#### [INFORMATION SHOWN]
_ _ _
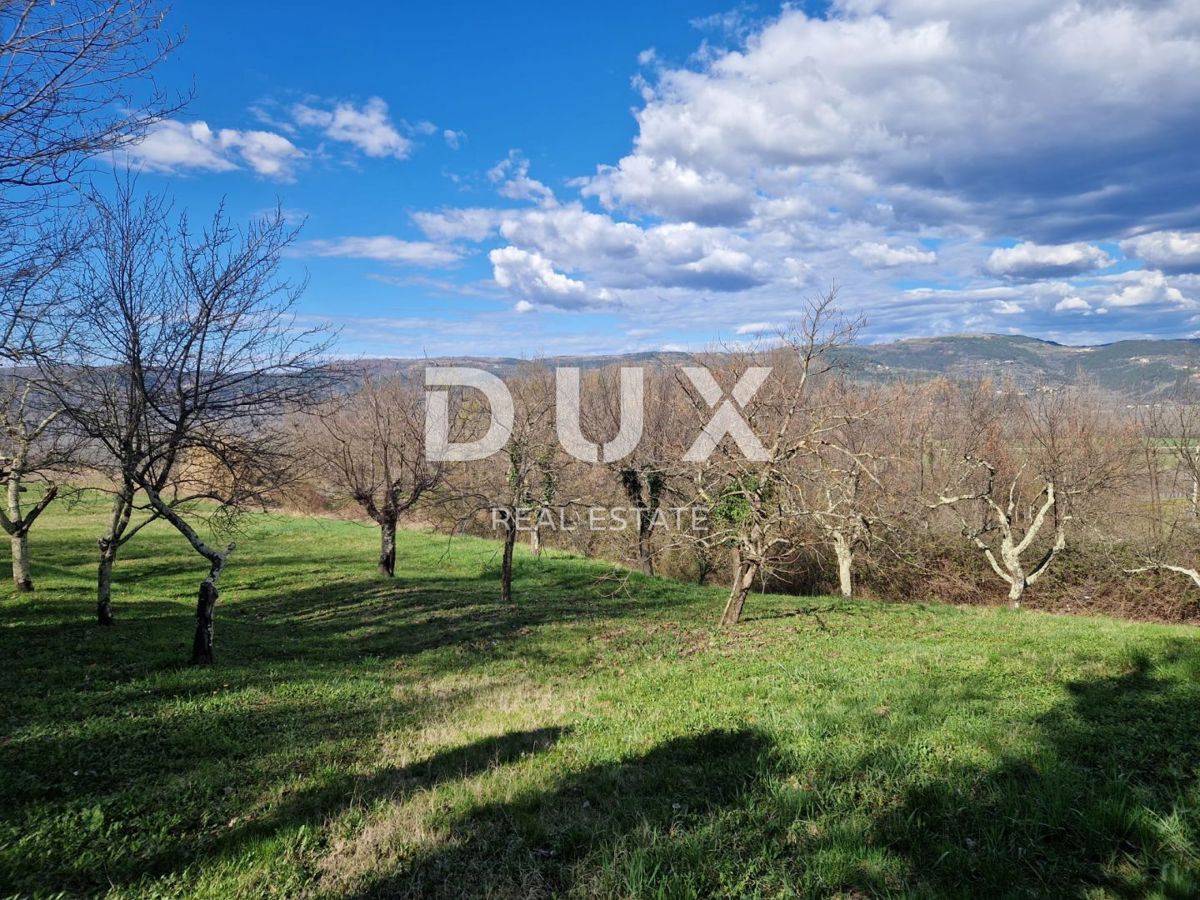 MOTOVUN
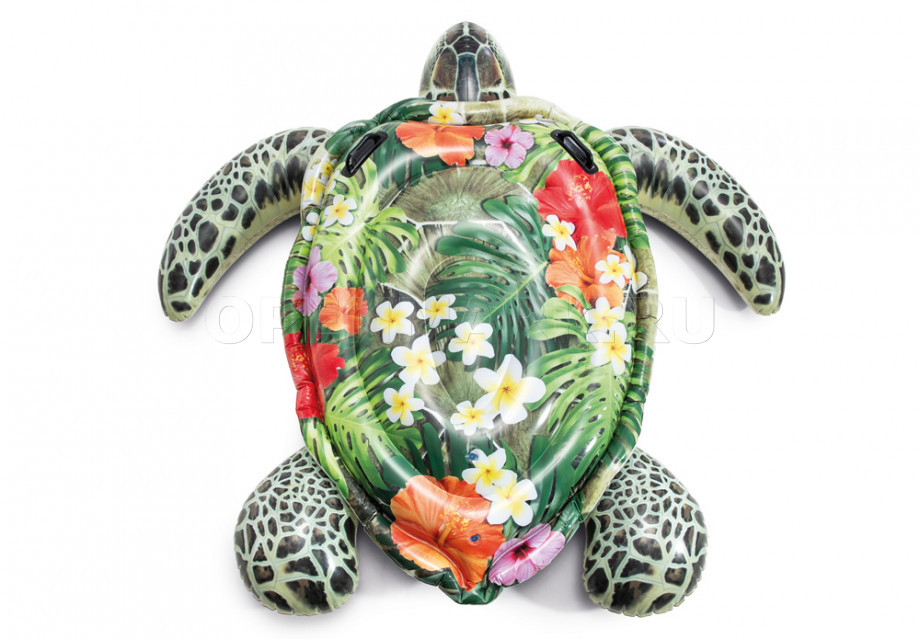        Intex 57555NP Realistic Sea Turtle Ride-On ( 3 )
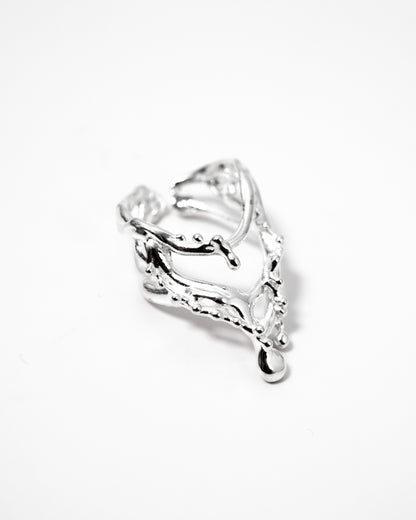 Frozen Chain Ring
_ _ _
#### [TASK DETAILS]
In your transcription of the listing above, match each line exactly and include no pictures.

#### [FINISHED EXERCISE]
 MOTOVUN
        Intex 57555NP Realistic Sea Turtle Ride-On ( 3 )
 Frozen Chain Ring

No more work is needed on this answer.